Chronic disease is Australia’s biggest killer, contributing to nearly 90% of deaths, a new Grattan Institute report has warned.
Yet prevention of chronic disease remains underfunded and unless the government does more, millions more Australians will suffer avoidable illnesses, the report says.
The report, Australian Centre for Disease Control (ACDC): Highway to health, sets out a path for Australia to change course.
It urges prevention of chronic disease be at the heart of the soon-to-be-established ACDC, a body that the Labor government is setting up to improve Australia’s response to public health emergencies.
“The Centre for Disease Control must be independent, to keep governments on track. And a new body alone won’t be enough, governments must also commit to more prevention funding,” said report author and the Grattan Institute’s health and aged care program director, Peter Breadon.
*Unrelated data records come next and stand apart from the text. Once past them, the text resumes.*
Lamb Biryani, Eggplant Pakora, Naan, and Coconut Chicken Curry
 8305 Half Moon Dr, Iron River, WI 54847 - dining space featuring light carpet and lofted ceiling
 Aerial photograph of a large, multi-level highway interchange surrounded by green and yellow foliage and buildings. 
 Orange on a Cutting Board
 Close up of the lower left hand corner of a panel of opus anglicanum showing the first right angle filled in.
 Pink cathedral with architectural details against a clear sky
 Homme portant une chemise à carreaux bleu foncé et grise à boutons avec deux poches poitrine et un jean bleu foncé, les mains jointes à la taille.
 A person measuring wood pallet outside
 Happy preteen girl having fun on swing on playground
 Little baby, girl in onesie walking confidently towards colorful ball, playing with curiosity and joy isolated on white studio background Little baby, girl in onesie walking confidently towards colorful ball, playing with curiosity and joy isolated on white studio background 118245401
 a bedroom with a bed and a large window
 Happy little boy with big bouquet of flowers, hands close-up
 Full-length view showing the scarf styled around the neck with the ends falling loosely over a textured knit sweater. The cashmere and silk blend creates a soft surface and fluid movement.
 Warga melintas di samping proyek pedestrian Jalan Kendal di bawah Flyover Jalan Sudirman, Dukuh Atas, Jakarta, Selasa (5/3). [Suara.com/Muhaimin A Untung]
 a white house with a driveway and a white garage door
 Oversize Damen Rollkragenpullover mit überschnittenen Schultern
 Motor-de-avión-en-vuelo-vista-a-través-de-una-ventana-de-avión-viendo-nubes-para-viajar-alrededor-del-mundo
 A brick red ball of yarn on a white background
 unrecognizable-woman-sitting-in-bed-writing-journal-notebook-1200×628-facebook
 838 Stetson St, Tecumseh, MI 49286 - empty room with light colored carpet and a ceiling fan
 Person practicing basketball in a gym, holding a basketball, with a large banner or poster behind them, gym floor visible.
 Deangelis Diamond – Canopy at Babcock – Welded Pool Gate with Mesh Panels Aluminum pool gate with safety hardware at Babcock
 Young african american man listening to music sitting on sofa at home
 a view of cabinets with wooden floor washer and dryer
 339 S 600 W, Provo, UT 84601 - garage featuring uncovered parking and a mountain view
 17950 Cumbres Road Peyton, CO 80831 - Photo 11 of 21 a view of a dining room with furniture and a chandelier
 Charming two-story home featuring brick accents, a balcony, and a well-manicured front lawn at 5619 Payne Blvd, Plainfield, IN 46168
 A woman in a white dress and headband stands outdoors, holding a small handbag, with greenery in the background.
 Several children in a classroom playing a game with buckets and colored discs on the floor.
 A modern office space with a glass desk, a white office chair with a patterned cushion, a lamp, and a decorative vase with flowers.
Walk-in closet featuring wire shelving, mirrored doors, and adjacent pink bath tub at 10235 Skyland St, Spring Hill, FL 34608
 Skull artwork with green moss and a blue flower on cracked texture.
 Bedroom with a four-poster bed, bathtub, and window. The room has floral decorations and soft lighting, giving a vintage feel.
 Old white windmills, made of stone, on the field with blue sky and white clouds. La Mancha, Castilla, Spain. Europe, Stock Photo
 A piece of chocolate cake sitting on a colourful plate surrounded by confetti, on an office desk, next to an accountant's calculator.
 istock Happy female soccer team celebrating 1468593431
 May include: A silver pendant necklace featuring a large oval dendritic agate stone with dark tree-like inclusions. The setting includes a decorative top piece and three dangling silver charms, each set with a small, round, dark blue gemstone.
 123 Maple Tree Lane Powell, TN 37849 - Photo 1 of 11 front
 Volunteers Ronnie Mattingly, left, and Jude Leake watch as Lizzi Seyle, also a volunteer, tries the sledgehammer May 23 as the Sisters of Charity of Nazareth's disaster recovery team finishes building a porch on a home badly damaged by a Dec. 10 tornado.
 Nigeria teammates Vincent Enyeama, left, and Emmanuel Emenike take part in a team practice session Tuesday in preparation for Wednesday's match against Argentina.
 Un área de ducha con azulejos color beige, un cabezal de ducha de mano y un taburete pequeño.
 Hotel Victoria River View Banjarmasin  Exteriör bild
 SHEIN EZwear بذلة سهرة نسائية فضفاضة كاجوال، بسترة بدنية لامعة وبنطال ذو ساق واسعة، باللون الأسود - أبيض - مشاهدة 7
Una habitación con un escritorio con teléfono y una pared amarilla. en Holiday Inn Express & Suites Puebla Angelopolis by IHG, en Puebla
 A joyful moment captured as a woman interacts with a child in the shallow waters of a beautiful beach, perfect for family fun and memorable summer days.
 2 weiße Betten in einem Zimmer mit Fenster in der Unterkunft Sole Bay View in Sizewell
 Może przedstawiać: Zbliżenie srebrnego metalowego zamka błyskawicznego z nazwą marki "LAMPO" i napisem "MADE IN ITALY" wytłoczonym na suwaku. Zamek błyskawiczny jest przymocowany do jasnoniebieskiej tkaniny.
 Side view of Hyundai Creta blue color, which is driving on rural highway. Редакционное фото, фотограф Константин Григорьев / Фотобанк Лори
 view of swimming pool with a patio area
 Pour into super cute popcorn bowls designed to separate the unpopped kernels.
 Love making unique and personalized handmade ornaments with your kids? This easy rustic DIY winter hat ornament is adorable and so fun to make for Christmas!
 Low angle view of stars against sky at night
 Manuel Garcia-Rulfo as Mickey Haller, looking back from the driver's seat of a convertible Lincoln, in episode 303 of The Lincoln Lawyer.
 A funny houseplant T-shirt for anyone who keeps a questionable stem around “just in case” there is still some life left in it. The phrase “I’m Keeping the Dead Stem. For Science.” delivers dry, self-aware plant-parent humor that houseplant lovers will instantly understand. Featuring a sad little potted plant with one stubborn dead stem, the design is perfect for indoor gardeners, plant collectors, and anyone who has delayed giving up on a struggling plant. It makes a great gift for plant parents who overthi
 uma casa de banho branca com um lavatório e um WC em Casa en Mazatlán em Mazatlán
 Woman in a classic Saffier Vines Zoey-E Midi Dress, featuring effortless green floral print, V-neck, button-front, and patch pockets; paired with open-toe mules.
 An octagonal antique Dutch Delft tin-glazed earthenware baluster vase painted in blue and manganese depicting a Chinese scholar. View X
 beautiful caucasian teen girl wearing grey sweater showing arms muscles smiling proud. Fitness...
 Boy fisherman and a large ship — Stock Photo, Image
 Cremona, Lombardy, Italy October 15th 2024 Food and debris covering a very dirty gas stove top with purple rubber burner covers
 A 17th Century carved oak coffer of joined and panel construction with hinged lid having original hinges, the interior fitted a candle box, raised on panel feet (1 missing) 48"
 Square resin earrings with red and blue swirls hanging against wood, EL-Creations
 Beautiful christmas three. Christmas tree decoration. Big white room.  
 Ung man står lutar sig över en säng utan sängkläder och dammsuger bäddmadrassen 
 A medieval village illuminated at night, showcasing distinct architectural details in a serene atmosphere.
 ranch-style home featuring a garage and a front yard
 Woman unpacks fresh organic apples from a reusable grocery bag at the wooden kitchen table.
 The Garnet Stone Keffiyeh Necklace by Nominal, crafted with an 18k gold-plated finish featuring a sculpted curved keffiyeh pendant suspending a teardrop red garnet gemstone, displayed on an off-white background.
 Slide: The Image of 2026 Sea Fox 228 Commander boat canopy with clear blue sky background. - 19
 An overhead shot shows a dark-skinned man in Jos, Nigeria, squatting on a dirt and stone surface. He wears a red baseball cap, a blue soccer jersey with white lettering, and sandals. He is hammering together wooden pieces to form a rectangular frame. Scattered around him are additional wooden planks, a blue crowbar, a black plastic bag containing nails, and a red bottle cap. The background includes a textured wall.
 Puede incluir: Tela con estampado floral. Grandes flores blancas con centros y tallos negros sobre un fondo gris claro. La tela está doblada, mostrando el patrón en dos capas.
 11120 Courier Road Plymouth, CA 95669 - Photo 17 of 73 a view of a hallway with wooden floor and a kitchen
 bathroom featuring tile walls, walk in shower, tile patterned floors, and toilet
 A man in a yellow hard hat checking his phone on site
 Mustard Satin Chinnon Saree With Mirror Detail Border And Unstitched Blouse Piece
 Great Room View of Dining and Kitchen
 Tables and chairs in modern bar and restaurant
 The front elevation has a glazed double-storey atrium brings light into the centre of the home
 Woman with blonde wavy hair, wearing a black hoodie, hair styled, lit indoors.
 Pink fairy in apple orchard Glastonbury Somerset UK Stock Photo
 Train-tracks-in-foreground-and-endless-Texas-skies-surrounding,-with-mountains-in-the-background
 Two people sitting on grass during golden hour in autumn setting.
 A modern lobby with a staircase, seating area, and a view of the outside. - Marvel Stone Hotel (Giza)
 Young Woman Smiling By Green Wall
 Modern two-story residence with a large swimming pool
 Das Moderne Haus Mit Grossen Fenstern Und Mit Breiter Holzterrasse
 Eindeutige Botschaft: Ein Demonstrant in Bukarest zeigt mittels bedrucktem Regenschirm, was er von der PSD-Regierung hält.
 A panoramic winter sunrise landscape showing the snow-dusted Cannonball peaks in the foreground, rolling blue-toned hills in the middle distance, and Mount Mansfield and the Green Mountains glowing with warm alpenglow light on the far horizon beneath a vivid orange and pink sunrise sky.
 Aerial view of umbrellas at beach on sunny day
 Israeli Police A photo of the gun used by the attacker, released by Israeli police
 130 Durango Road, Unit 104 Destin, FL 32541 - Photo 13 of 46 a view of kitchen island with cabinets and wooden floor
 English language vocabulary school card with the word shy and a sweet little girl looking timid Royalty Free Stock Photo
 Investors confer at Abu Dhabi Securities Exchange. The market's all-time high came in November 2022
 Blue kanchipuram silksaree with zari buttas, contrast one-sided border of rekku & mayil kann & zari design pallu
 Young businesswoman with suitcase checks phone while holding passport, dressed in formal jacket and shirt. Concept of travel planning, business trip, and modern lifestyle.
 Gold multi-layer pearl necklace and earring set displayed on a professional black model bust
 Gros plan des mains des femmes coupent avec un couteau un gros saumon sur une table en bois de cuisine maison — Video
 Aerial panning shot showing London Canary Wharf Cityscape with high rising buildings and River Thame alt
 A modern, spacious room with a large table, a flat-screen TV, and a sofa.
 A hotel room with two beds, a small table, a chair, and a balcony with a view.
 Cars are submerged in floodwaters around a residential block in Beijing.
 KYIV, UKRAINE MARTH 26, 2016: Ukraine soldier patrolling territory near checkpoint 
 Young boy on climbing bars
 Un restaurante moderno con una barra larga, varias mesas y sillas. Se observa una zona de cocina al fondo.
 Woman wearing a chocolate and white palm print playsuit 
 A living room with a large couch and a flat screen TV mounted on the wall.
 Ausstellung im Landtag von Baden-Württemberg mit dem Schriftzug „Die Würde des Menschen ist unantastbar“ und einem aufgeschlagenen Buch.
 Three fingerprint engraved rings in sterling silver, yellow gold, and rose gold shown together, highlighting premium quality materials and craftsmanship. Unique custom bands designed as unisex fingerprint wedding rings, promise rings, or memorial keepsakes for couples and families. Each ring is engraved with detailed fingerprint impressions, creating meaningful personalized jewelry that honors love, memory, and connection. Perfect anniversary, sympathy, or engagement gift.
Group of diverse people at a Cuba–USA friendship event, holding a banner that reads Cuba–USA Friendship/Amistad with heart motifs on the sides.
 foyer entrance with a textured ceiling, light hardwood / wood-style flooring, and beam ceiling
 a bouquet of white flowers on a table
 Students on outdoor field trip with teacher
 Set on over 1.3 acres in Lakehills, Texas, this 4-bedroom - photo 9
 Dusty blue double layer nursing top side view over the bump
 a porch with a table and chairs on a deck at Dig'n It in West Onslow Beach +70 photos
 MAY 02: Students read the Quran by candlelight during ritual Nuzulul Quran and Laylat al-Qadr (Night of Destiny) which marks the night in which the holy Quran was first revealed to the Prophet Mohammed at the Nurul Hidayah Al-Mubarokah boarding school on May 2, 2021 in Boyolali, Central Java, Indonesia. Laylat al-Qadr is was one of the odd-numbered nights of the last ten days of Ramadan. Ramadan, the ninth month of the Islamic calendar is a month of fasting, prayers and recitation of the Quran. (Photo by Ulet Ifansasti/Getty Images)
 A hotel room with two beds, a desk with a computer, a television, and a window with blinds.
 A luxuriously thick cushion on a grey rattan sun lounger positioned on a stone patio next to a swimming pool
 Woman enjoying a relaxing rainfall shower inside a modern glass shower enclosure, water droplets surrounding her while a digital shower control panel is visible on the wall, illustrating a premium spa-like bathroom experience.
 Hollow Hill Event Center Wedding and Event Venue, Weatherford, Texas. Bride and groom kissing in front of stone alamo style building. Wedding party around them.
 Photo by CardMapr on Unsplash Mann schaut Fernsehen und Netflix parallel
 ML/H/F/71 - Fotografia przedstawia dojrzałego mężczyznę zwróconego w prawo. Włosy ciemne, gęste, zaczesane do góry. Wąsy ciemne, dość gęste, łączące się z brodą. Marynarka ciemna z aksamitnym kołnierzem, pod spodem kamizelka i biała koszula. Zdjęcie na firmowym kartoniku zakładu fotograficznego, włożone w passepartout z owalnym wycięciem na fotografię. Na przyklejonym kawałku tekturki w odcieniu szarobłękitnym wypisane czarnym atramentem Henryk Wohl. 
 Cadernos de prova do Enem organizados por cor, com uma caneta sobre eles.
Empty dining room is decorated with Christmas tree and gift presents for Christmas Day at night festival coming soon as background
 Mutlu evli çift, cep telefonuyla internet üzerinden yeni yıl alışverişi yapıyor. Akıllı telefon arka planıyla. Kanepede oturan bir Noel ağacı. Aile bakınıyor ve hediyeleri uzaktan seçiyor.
“If we don’t stop chronic disease before it starts then these trends will just continue [to] increase unchecked and we’ll end up with so much avoidable suffering.”
Over the past three decades, chronic disease in Australia has increased by 38%, the report says. Almost half of Australians now live with one chronic disease and almost half of Australians over the age of 65 live with two or more.
But the report says the burden is more severe for disadvantaged Australians, who are twice as likely to live with two or more chronic conditions. This includes Australians living in rural areas, people on low incomes and First Nations people.
Australia only spends about $130 a person every year on public health, the report said. This is less than a third of what Canada spends and half what the UK spends.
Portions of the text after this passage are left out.